Education in the Isle of Man is compulsory for children aged between 5 and 16. As a Crown dependency the Isle of Man parliament and government have competence over all domestic matters, including education; however the structure and curriculum are broadly in line with that of UK schools and particularly the English national curriculum. Education is overseen by the Department of Education, Sport and Culture and regulated by the Isle of Man Education Act 2001. As of September 2017 there were 6,492 pupils in primary schools, and 5,218 pupils in secondary education.

History

Before 1675 there were no schools in the Isle of Man and any education was provided by the church. This changed with the arrival of Bishop Isaac Barrow, who established a school in every parish.

Education system
The education system in the Isle of Man is similar to the system used in England.

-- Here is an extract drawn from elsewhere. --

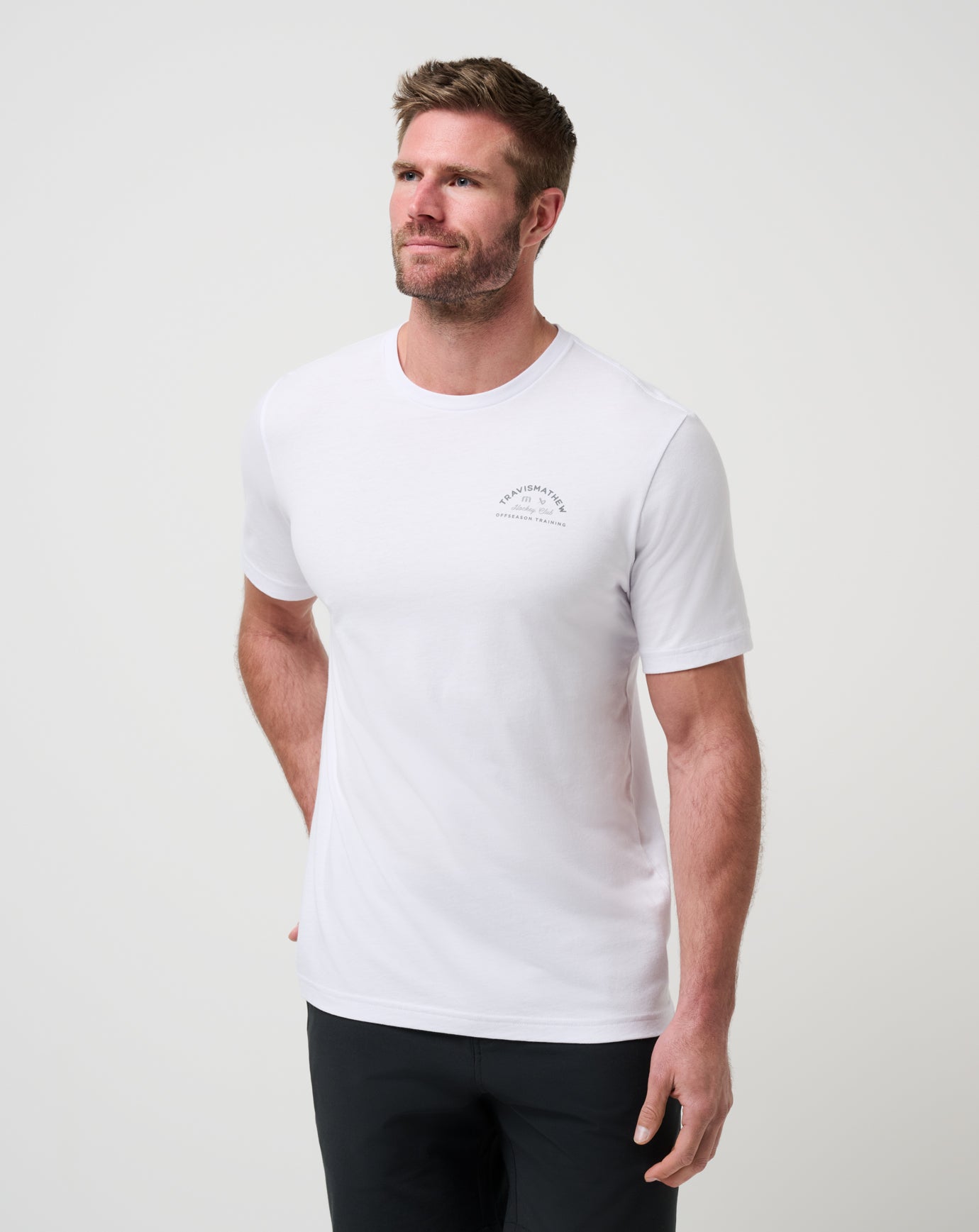 Delayed Penalty Tee image 4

Primary school consists of seven years, and secondary school of seven years. All five secondary schools in the Isle of Man have a sixth form centre.

 Primary education
 Foundation Stage
 Reception, age 4 to 5
 Key Stage 1
 Year 1, age 5 to 6
 Year 2, age 6 to 7
 Key Stage 2
 Year 3, age 7 to 8
 Year 4, age 8 to 9
 Year 5, age 9 to 10
 Year 6, age 10 to 11
 Secondary education
 Key Stage 3
 Year 7, age 11 to 12 
 Year 8, age 12 to 13
 Year 9, age 13 to 14
 Key Stage 4
 Year 10, age 14 to 15
 Year 11, age 15 to 16 (GCSE examinations)
 Sixth form
 Year 12, age 16 to 17 (AS-level examinations)
 Year 13, age 17 to 18 (A-levels examinations)

Schools

The Department of Education operates 32 primary schools and 5 secondary schools. Among the primary schools, Bunscoill Ghaelgagh is the only school in the world where children are taught mainly in Manx. Independent schools include King William's College and its junior school, The Buchan School.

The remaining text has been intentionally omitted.